U.S. patent application number 10/560921 was filed with the patent office on 2007-11-29 for light detection tube.
Invention is credited to Hideki Fujimatsu, Nobuharu Suzuki.
Application Number | 20070272832 10/560921 |
Document ID | / |
Family ID | 33534675 |
Filed Date | 2007-11-29 |
United States Patent
Application |
20070272832 |
Kind Code |
A1 |
Fujimatsu; Hideki ; et
al. |
November 29, 2007 |
Light Detection Tube
Abstract
Since a peripheral part of the sapphire plate 2 is airtightly
thermally crimped to an end face (window peripheral part) of a
kovar metal tube 1A surrounding a light entering window via a seal
ring 7 made of aluminum, a lattice defect is prevented from
occurring on the sapphire plate 2 due to diffusion of impurities on
the sapphire plate 2. As a result, the generation of
phosphorescence or fluorescence from the sapphire plate 2 is
prevented in detecting an ultraviolet ray, and dark noise is
reduced.
Inventors: |
Fujimatsu; Hideki;
(Shizuoka, JP) ; Suzuki; Nobuharu; (Shizuoka,
JP) |
Correspondence
Address: |
DRINKER BIDDLE & REATH (DC)
1500 K STREET, N.W.
SUITE 1100
WASHINGTON
DC
20005-1209
US
|
Family ID: |
33534675 |
Appl. No.: |
10/560921 |
Filed: |
June 15, 2004 |
PCT Filed: |
June 15, 2004 |
PCT NO: |
PCT/JP04/08358 |
371 Date: |
January 25, 2007 |
Current U.S.
Class: |
250/214VT |
Current CPC
Class: |
H01J 43/28 20130101;
H01J 40/16 20130101 |
Class at
Publication: |
250/214.0VT |
International
Class: |
H01J 43/30 20060101
H01J043/30 |
Foreign Application Data
Date |
Code |
Application Number |
Jun 17, 2003 |
JP |
2003-172504 |
Claims
1. A light detection tube in which a sapphire plate, on which a
photoelectric face is formed, as a photoreceiving face plate is
attached to a light entering window of a vacuum vessel, wherein a
peripheral part of the sapphire plate is airtightly thermally
crimped to a window peripheral part made of metal or ceramics,
surrounding the light entering window via a seal ring made of
aluminum.
2. The light detection tube according to claim 1, wherein the
sapphire plate has a thickness of 0.5 to 1.0 mm.
Description
TECHNICAL FIELD
[0001] The present invention relates to a light detection tube in
which a sapphire plate as a photoreceiving face plate is attached
to a light entering window of a vacuum vessel.
BACKGROUND ART
[0002] In the light detection tube in which the photoreceiving face
plate is attached to the light entering window of the vacuum
vessel, when the photoreceiving face plate is composed of the
sapphire plate so as to detect an ultraviolet ray, the peripheral
part of the photoreceiving face plate is usually brazed to a window
peripheral part made of metal or ceramics, surrounding the light
entering window of the vacuum vessel. In this case, so as to firmly
braze and fix, the peripheral part of the photoreceiving face plate
is previously subjected to metallizing treatment.

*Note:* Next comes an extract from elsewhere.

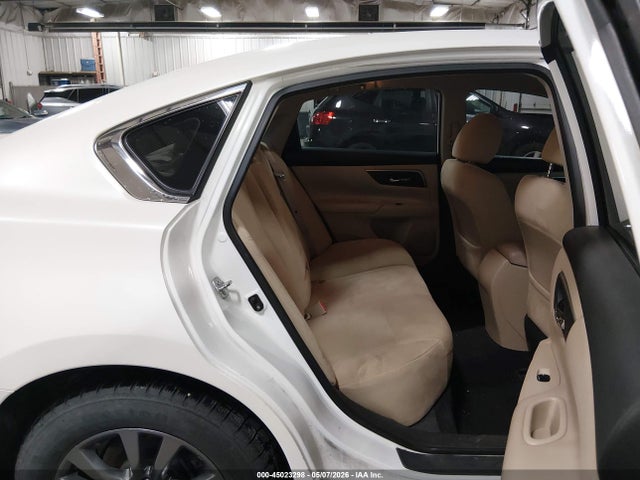 2015 Nissan Altima 2.5 S მანქანა იყიდება აუქციონზე, vin: 1N4AL3APXFC492042, აუქციონის ნომერი: 45023298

[0003] When the photoreceiving face plate is made of quartz and the
window peripheral part surrounding the light entering window of the
vacuum vessel is made of kovar metal, a technique has been
conventionally known, which airtightly thermally crimps the
peripheral part of the photoreceiving face plate to the window
peripheral part via a seal ring made of aluminum (for example,
refer to a Patent Document 1). Similarly, another technique has
also been known, which airtightly thermally crimps the peripheral
part of the photoreceiving face plate made of glass and the window
peripheral part made of metal or ceramics via the seal ring made of
aluminum (for example, refer to a Patent Document 2).
Patent Document 1: Patent Publication No. 2690658
Patent Document 2: Japanese Published Examined Patent Application
No. Sho-58-38903
DISCLOSURE OF THE INVENTION
[0004] Herein, a demand for detecting feebler ultraviolet rays with
high sensitivity has increased in recent years, and in the
conventional light detection tube in which the photoreceiving face
plate is composed of the sapphire plate and the peripheral part is
subjected to metallizing treatment, feeble phosphorescence or
fluorescence is generated from the sapphire plate in detecting the
ultraviolet rays. As a result, the phosphorescence or fluorescence
was found to become a dark noise in detecting feebler
luminescence.
[0005] Then, it is an object of the present invention to provide a
light detection tube capable of preventing a situation wherein the
phosphorescence or fluorescence is generated from the sapphire
plate, and of reducing dark noise.
[0006] The present inventors have conducted earnest investigations
into the cause of the phosphorescence or fluorescence generated
from the sapphire plate in detecting the ultraviolet rays. As a
result, the present inventors have found that impurities are
diffused on the sapphire plate by metallizing treatment and the
cause of the phosphorescence or fluorescence generated is due to a
lattice defect occurring on the sapphire plate by the impurities.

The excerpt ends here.